En una serie de definiciones que buscan reconfigurar el mapa de poder dentro de la oposición, el gobernador de La Rioja, Ricardo Quintela, planteó la necesidad urgente de una renovación en la conducción del peronismo, marcando un punto de inflexión respecto al liderazgo de Cristina Kirchner. En una extensa entrevista, el mandatario no solo analizó la interna partidaria, sino que también anunció medidas de austeridad inéditas para su administración y describió la relación con el gobierno de Javier Milei en términos de confrontación abierta.
El fin de la «actitud paternalista»
Consultado sobre la reaparición pública de la ex presidenta y su rol en la articulación de una alternativa, Quintela fue tajante al sugerir un cambio de ciclo. «Cristina es la que más sabe que tenemos que cortar el cordón umbilical», sentenció el gobernador, para luego ampliar su visión sobre la autonomía que deben cobrar los líderes provinciales: «No podemos tener esa actitud paternalista o maternalista, de estar pendientes de lo que dice o deja de decir Cristina para ver qué hacemos nosotros».
Para el riojano, el vacío de poder tras la derrota electoral debe ser llenado por una construcción federal. «Los gobernadores tenemos que tomar la posta ahora, sacar ese bastón de mariscal que cada uno tiene en su mochila y salir a recorrer», afirmó, apelando a la histórica metáfora peronista. Según su análisis, el movimiento corre el riesgo de convertirse en una mera «confederación de gobiernos provinciales» si no recupera su «visión de la República Argentina».
Ajuste político y prohibición de viajes
En un giro sorpresivo hacia la austeridad, y quizás como respuesta a la crítica discursiva del oficialismo nacional sobre el gasto político, Quintela confirmó una drástica «reestructuración del Estado» provincial. El plan incluye la reducción de ministerios y secretarías, el congelamiento de vacantes y una medida disciplinaria directa hacia su gabinete: «He prohibido, para los funcionarios, la salida de vacaciones fuera del país».
El gobernador advirtió que no tolerará disidencias respecto a esta norma ética en tiempos de crisis: «El que le guste bien, y el que no, que presente la renuncia y se vaya». Además, estableció que «de subsecretario para arriba deben andar en su propio auto» y limitó el uso de la flota oficial y los viáticos aéreos exclusivamente para gestiones ministeriales urgentes.
Tensión con la Casa Rosada: «Una posición cruel»
La relación con la administración libertaria atraviesa su peor momento. Quintela denunció que la Nación mantiene una deuda de 100 millones de dólares con La Rioja, derivada de la retención de fondos coparticipables y extracoparticipables. «Milei tiene una posición bastante cruel con todas las provincias, pero particularmente con La Rioja», aseguró.
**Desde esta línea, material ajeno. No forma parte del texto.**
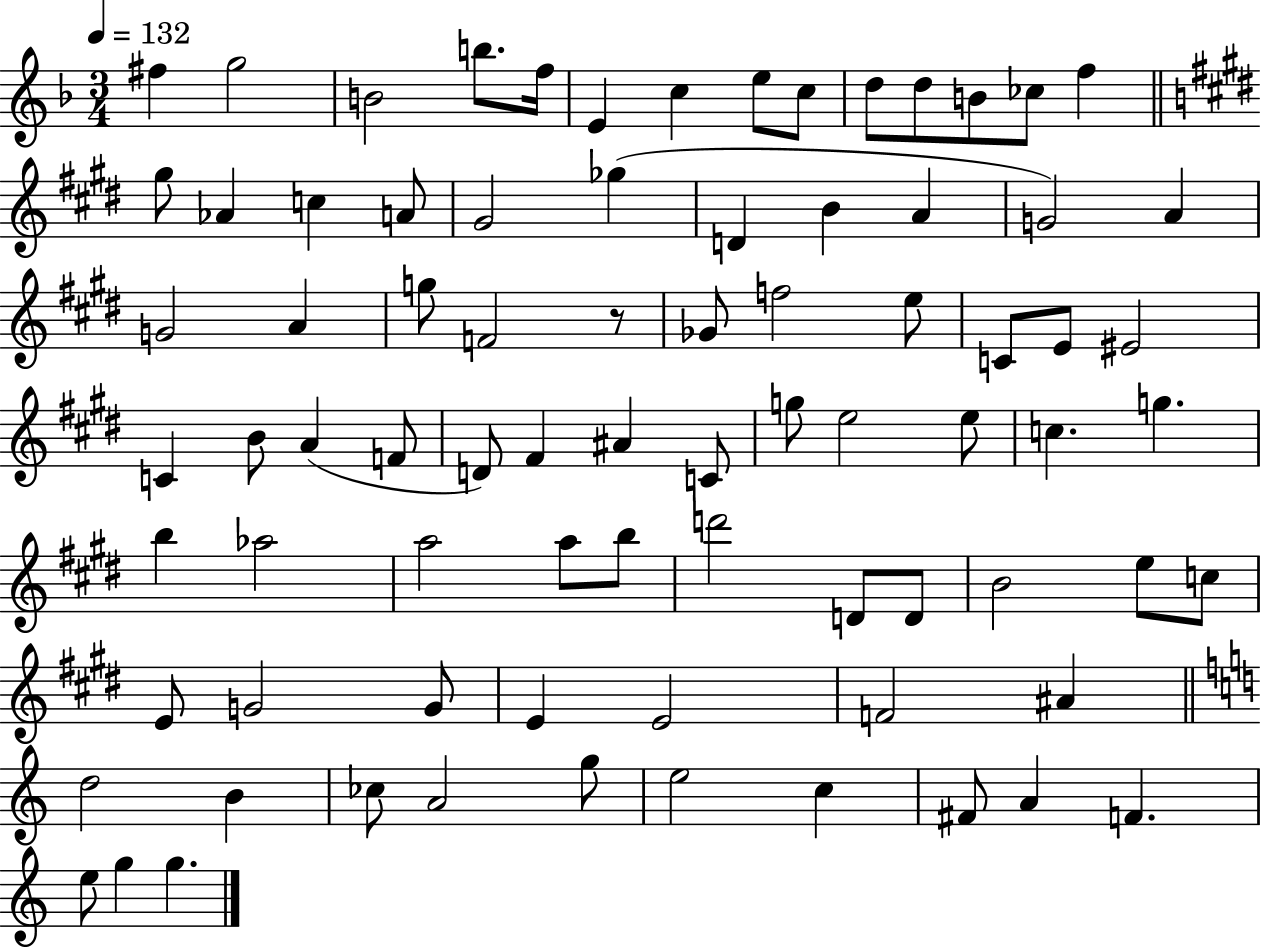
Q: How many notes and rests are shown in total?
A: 80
El reclamo incluyó una crítica velada al presidente de la Cámara de Diputados, Martín Menem, recordando que su padre y su tío (Eduardo y Carlos Menem) fueron quienes impulsaron las compensaciones históricas para la provincia tras la pérdida de puntos de coparticipación en los años 80.
A pesar del recorte de fondos, el gobernador destacó la continuidad de la obra pública local, contrastándola con la parálisis nacional. Confirmó la entrega de 202 viviendas antes de fin de año y subrayó un dato de su gestión: «Pasamos a ser la provincia que más propietarios de su propia vivienda tiene, el 83%».
Economía, minería y los «Chachos»
En el plano económico, Quintela defendió el modelo productivo provincial frente al financiero que, según él, propone Milei. «Tenemos todo para hacer la Argentina potencia: litio, oro, cobre, tierras raras», enumeró, insistiendo en que el sistema financiero debe ser «combustible» para la producción y no un fin en sí mismo.
Finalmente, reivindicó la emisión de la cuasimoneda provincial, los Bonos de Cancelación de Deuda (BOCADE), conocidos como «Chachos». Según el mandatario, este instrumento ha sido vital para sostener el consumo y el turismo interno frente a la caída del programa PreViaje. «El Chacho genera un movimiento financiero interno muy importante… Movete con Chachos nos generó un incremento entre un 15 y un 20% de turismo», concluyó.